Se la prima mannaia si era abbattuta su cinema, teatri e concerti, la seconda colpisce biblioteche e musei (e mostre, parchi archeologici…, insomma tutti i luoghi della cultura). Ora, nessun addetto ai lavori con un minimo di lungimiranza avrebbe scommesso che alcuni di questi luoghi si sarebbero salvati. Diverso è invece il punto di vista dei fruitori di questi servizi: domenica il ministro Franceschini, in un programma tv, aveva già preannunciato la chiusura dei musei; eppure in tanti si aspettavano, ad esempio, che le biblioteche rimanessero aperte, con i servizi ridotti all’osso, chiudendo di nuovo le sale studio per chi era riuscito a riaprirle, ma garantendo almeno il prestito dei libri sulla soglia degli edifici (o addirittura fuori), come era accaduto a maggio, alla riapertura dopo tre mesi di chiusura (“Sì, dai, mica possono chiudere di nuovo anche le biblioteche…”).
Ma essere troppo ottimisti a volte non serve. E così, dall’oggi al domani (con uno slittamento in serata che ha creato ancor più confusione, perché ha costretto una retromarcia a quanto era stato appena comunicato), chiuse le biblioteche, impossibile accedere agli archivi.
E’ la lotta al virus, al virus della cultura.
Far ricadere, ancora una volta, in una grande e unica categoria realtà che operano e svolgono funzioni del tutto differenti tra loro (come ad esempio musei e biblioteche) fa davvero pensare che al Mibact, questi “luoghi della cultura” non li frequentino affatto…

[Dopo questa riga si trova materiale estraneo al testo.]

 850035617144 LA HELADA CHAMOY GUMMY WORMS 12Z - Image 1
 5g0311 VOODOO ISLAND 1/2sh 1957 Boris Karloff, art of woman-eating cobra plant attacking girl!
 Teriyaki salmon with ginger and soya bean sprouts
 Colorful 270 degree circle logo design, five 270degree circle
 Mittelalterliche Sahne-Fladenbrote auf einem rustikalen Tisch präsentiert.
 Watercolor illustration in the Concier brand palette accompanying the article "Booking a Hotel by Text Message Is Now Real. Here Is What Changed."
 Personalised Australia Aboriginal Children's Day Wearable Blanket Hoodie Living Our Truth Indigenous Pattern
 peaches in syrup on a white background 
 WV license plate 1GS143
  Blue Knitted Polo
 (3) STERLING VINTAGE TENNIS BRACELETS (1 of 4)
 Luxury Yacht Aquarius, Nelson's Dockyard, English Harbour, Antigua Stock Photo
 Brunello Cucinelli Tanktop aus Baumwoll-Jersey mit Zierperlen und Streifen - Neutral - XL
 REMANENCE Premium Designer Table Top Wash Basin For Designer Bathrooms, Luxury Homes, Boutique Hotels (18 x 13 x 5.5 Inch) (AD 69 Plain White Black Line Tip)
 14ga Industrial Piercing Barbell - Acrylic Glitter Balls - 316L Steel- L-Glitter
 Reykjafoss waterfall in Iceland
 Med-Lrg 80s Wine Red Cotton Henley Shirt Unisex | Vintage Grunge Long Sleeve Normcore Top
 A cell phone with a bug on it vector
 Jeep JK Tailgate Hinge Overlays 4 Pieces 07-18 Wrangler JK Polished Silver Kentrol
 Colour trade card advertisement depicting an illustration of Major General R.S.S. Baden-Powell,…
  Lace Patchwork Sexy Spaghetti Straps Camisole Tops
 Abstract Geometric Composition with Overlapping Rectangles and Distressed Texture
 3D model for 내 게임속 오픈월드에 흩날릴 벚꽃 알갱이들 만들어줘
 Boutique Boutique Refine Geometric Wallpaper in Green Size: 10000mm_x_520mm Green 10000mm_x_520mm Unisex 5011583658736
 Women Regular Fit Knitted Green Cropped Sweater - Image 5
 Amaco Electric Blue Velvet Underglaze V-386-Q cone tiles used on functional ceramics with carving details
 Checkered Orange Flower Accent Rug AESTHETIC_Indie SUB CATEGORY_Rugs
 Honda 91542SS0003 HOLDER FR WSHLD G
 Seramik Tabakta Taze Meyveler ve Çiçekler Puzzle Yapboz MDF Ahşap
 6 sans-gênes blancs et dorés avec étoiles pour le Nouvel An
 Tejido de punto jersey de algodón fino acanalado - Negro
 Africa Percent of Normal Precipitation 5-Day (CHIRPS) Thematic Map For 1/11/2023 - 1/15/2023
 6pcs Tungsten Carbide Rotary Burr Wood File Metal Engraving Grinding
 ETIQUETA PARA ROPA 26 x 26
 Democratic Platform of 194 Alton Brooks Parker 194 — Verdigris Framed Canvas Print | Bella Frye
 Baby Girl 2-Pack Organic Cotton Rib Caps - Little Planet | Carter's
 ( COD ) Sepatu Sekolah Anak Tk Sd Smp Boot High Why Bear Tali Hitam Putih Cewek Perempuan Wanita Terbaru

Beh, dirà qualcuno, ma le librerie rimangono aperte! Ed ecco la guerra tra poveri: da oggi i bibliotecari (più o meno precari, con appalti che non si sa ancora se verranno interrotti, con infinite ore da recuperare e chissà quante altre casistiche) penseranno con invidia ai librai, che loro sì possono continuare a far avvicinare le persone ai libri. Con una differenza: che i servizi di una biblioteca sono del tutto gratuiti, e lì sta il loro scopo: permettere a chiunque l’accesso a libri, documenti, dvd, audiolibri, riviste… anche a chi magari non può permetterselo. Per non parlare dei testi di studio.
Ma c’è un’altra differenza ancora, e non da poco. Quando si è palesata l’ipotesi di nuove chiusure, tanti editori italiani hanno fatto pressione sul Governo perché le librerie rimanessero aperte; mentre l’Associazione Italiana Biblioteche non si è espressa, sventolando un imbarazzante silenzio, nonostante tutte le pressioni ricevute dai bibliotecari italiani. [Intanto, dopo la pubblicazione di questo articolo, finalmente anche l’AIB si è fatta viva, con un comunicato indirizzato al Governo in cui sottolinea il paradosso per cui i libri risultano beni di prima necessità, ma le biblioteche vengono chiuse. Forse sarebbe stato meglio farsi sentire prima del DPCM per cercare di ottenere qualcosa, come hanno giustamente fatto gli editori].

Sarà, quella tra gli “sfigati” bibliotecari e i “fortunati” librai, l’unica guerra tra poveri? Non credo. Forse la stessa invidia la proveranno gli estetisti, bloccati dal DPCM, rispetto ai parrucchieri, liberi di operare anche in zona rossa. Sono fratture, sono piccole rivalità che – ancor più in questo periodo – alla società non fanno bene.

Ma c’è la televisione imperante, con i millemila canali disponibili, a garantirci lo svago e a tenerci compagnia durante il confinamento! Mica si penserà che passare serate fra libri, cinema e teatro sia tempo ben speso? Ecco così cercare ristoro a giornate di tensioni facendo zapping serale alla tv, ed imbattersi casualmente in X Factor, vedendo con sorpresa la presenza di pubblico (distanziato, per carità, ma pur sempre presente) nello studio del programma.
A teatro no, al cinema no; ma lì sì. Che poi forse accade anche negli altri programmi tv, ma sono io che l’ho scoperto solo ieri sera…
Del resto, è pur sempre una questione di priorità (o di dove circolano più soldi). Non siete tutti d’accordo?

Ecco, sono queste le cose che andrebbero evitate. Si chiedono sforzi, in maniera diversa, a tutti.
Ma ci dovrebbero essere norme etiche che non eludano con furbizia il buon senso. Che non schiaffeggino in faccia chi, a quell’ora serale, ancora non sa se il giorno dopo potrà andare a lavorare oppure no.